El entusiasmo narrativo de Ferreri

Durante 80 minutos asistimos a ese despliegue de costumbres urbanas, de sueños que no se cumplen o se cumplen a medias, de criadas que tienen que llevarse a los bebés porque sus progenitores no aguantan que lloren en la mesa, de hombres de gesto hosco y modales bruscos, de señoras que se quejan de sus sirvientas, de carniceras que abofetean a sus hijas tras el mostrador y delante de la clientela…

Una atmósfera deprimente. Pero lo interesante de Los chicos es que Ferreri la dirige con entusiasmo, casi como si fuera una comedia amarga, sin abandonar la esperanza.

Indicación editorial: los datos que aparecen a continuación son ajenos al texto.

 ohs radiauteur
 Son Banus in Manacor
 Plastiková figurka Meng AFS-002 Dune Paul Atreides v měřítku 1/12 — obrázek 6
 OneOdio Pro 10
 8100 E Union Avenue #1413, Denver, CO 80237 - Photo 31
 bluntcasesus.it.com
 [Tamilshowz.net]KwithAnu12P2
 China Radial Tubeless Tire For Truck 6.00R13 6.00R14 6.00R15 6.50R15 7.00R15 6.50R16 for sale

Puede que por eso tengan una presencia constante las películas y las mujeres en las vidas de estos muchachos: las únicas tablas de salvación, los únicos alivios junto a la feria y los bares. En el kiosco del Chispa siempre vemos, de fondo, numerosas revistas de cine (Fotogramas entre ellas). Uno de ellos está obsesionado con Sofía Loren. Y vemos un par de salas por fuera, sea porque los personajes pasan por delante de sus fachadas o por el intento frustrado de entrar al pase de noche. Y luego están las chicas: con las que quedan y con las que no se atreven a citarse (la vedette, por ejemplo, mayor que Carlos y con novio).

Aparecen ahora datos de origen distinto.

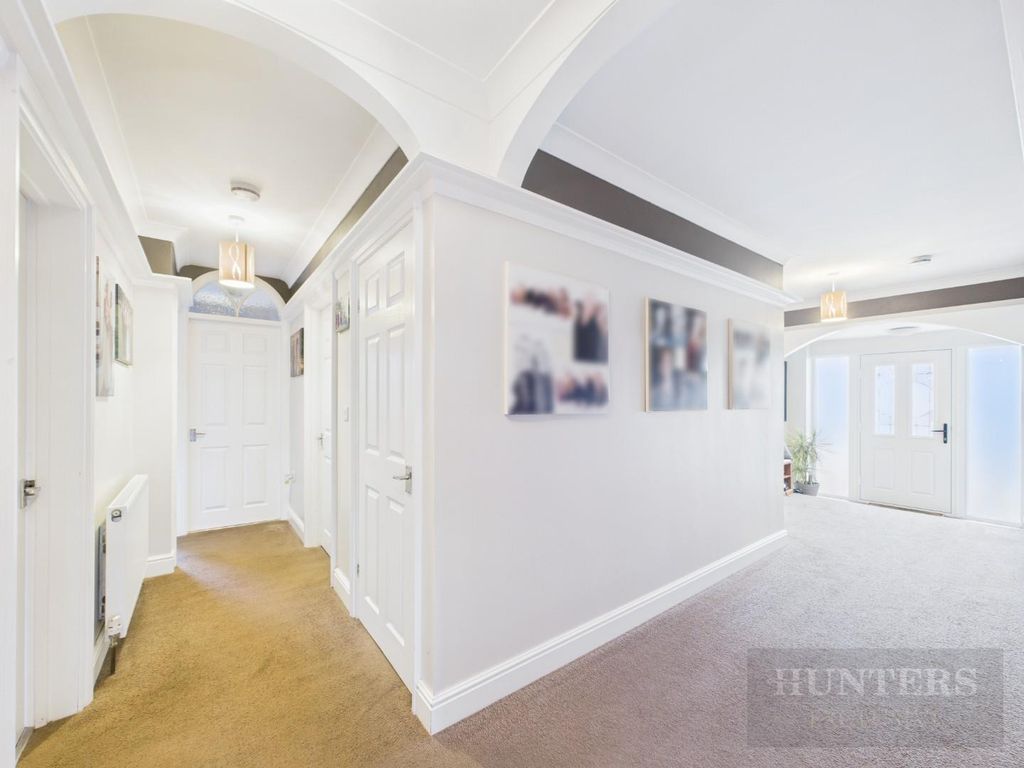 Additional image 27 of 3 bed detached bungalow for saleOmega Road, Bridlington YO16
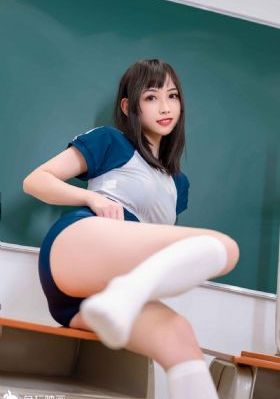 香港三级韩国三级日本三级-未删减视频在线播放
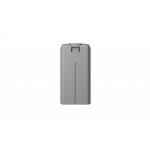 Batería DJI Mini 2 - Tienda Online iServices®
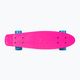 Footy skateboard Meteor roz 2369123691 3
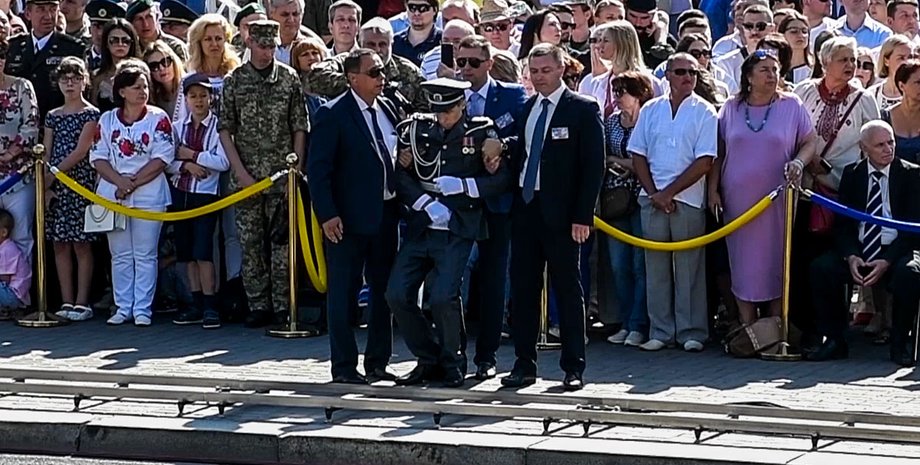 Фото: Информатор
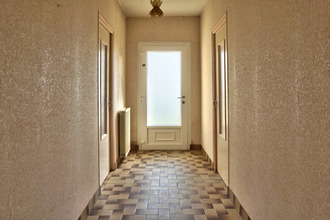  maison plougonver 22810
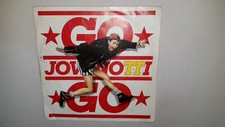 Jovanotti go - –,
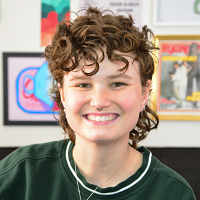Jordan Ullom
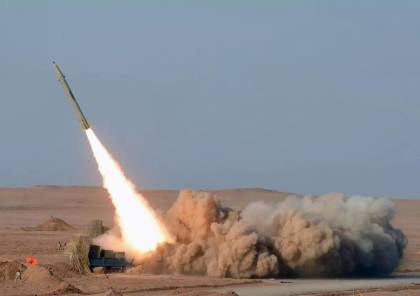 دبلوماسيون غربيون لـ"إسرائيل": صد هجوم إيران القادم بنسبة 100% قد لا يكون ممكنا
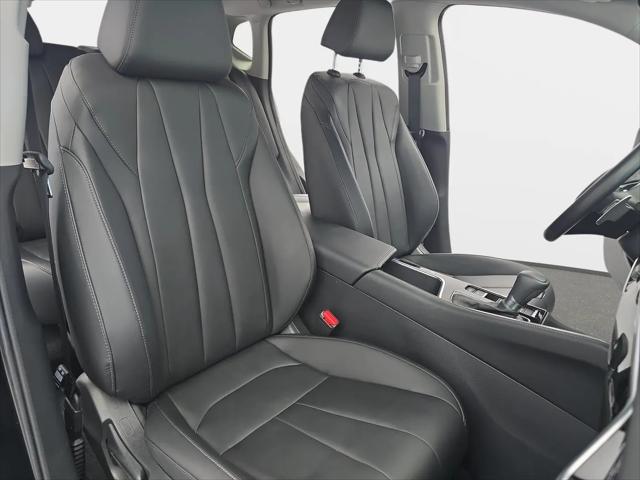 2025 Acura ADX Base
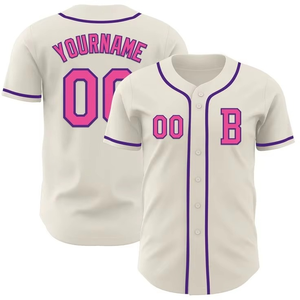 Vente en gros d'uniformes de football américain personnalisés, respirants, à séchage rapide, imprimés, 100% polyester, col en V, manches courtes, coupe régulière - Product Image 1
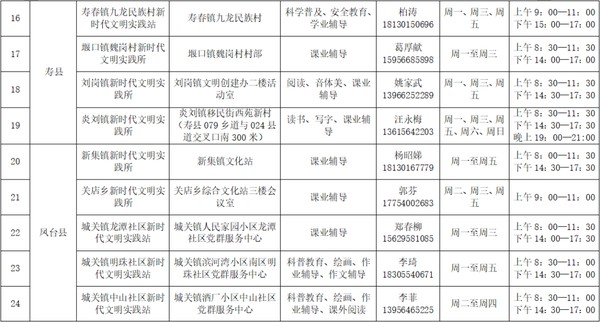 rB406mhjVTeAbdAoAAT-mcC71cQ854.png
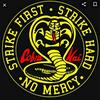 cobrakai564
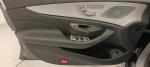 mercedes-benz-cls-300d-2023-diesel-1993cc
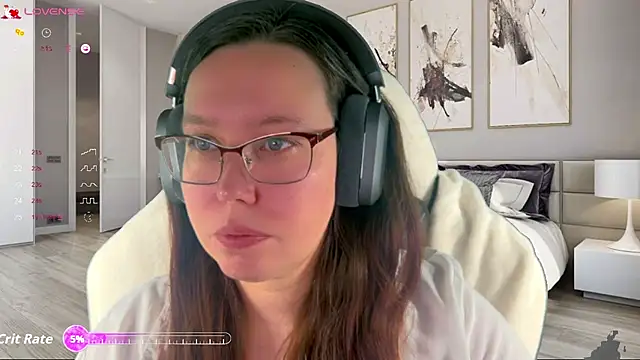 Victoria Romans online show from January 17, 5:16 pm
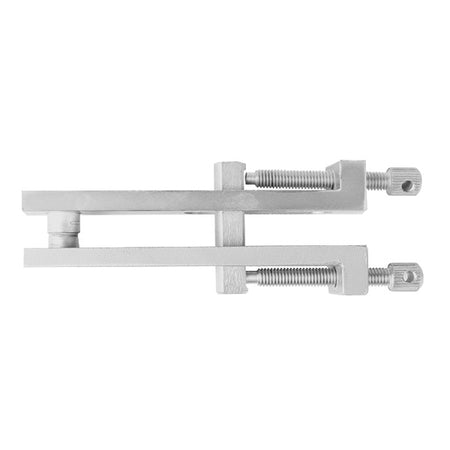 ACCUD Gauge Block Holder in Set – 510-302-01
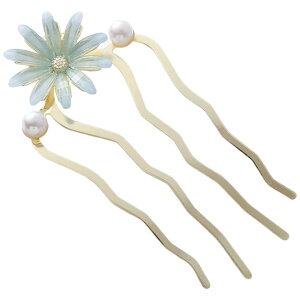  wAR[ fB[X wAANZT[ 񂴂  t[  p[  킢   wAAW p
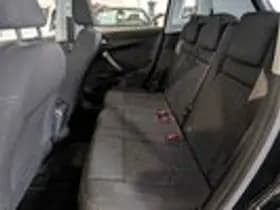 Peugeot 2008 thumbnail 7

Si alguien espera que al final suceda un desenlace típico o que Ferreri nos arroje una moraleja, se llevará un chasco. Los chicos termina con una estampa de la ciudad en una tarde de lluvia. Los chavales no han resuelto sus cuitas. De momento no han cumplido sus sueños. Todo sigue igual. Nada cambia. La vida gris continúa.